Introduction: Kisspeptin is a neuropeptide, encoded by the KISS1 gene, which acts upstream of gonadotropin-releasing hormone (GnRH) neurons and also has a critical role for maturation and function of the reproductive axis. Inactivating mutations of its receptor (KISS1R) cause normosmic isolated hypogonadotropic hypogonadism (IHH). In this report, we aim to present three siblings who have IHH due to novel compound heterozygous KISS1R mutation.
Case report: Index case applied to our outpatient clinic with delayed puberty when he was 14 years old. On newborn period, he had bilateral cryptorchidism and micropenis and bilateral orchiopexy was done. His parents were nonconsanguineous. On physical examination, his height was 165.3 cm (0.14 SDS), weight was 62 kg (0.94 SDS). Pubertal stage was Tanner stage 1, stretched penis size was 4 cm, bilateral testises were in skrotum and testis sizes were 3 ml. On laboratory; FSH: 0.9 mIU/ml, LH: 0.13 mIU/ml, total testosterone: 15 ng/dl, ACTH: 34 pg/ml, cortisole: 15 μg/dl, 17OH progesterone: 0.11 ng/ml, AMH: 51.2 ng/ml (normal range 230.7). Karyotype analysis revealed 46 XY. The results of GnRH test confirmed IHH. In molecular analysis of index case, c.969C>A (p.Y323X) and novel c.170T>C (p.L57P) compound heterozygous mutations were obtained in KISS1R gene. In molecular analysis of family, while mother had novel p.L57P mutation, father had p.Y323X heterozygous mutation which was known as an inactivating mutation caused IHH. The rest three siblings who were 5, 12 and 14 years old were evaluated. All of the three sisters had normal female genitalia and their karyotypes were 46 XX. Also the same mutation was obtained in two siblings who were 12 and 14 years old.

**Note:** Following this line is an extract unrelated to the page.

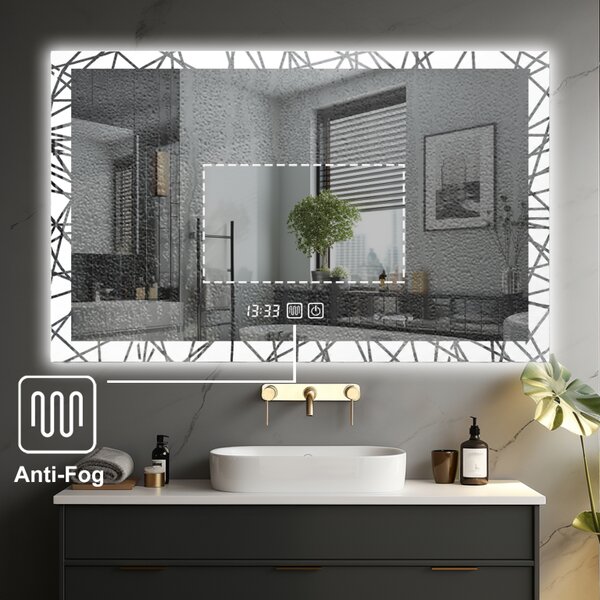Luxus LED fürdőszoba tükör 90×70 óra és páramentesítés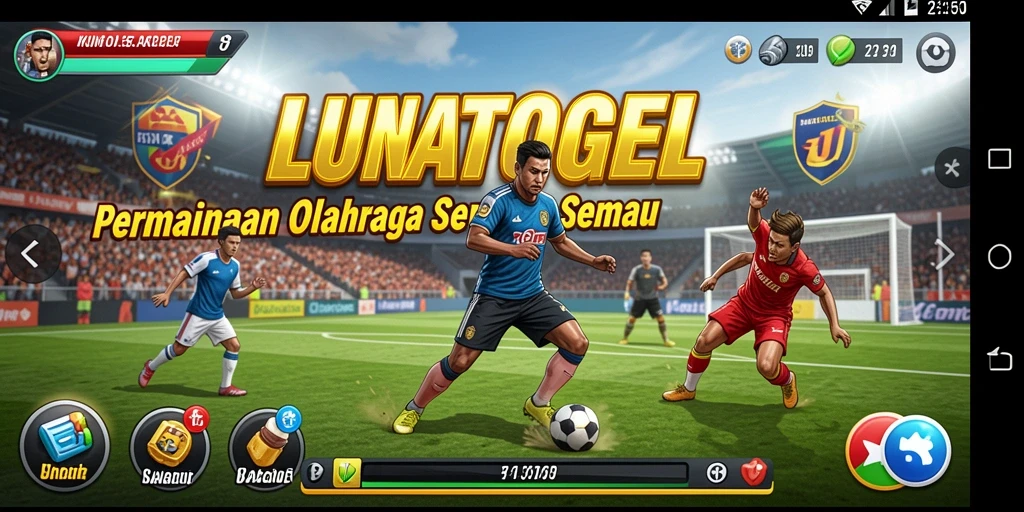 Screenshot gameplay LUNATOGEL menampilkan aksi olahraga yang mendebarkan.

Conclusion: Recent studies demonstrated inactivating mutations in KISS1R gene cause normosmic isolated hypogonadotropic hypogonadism (IHH) in animal models and human. We identified a novel inactivating compound heterozygous mutation in KISS1R gene in three members of a Turkish nonconsanguineous family. We recommend that if IHH is obtained in a member of a family, we might investigate the whole family members although the family is nonconsanguineous.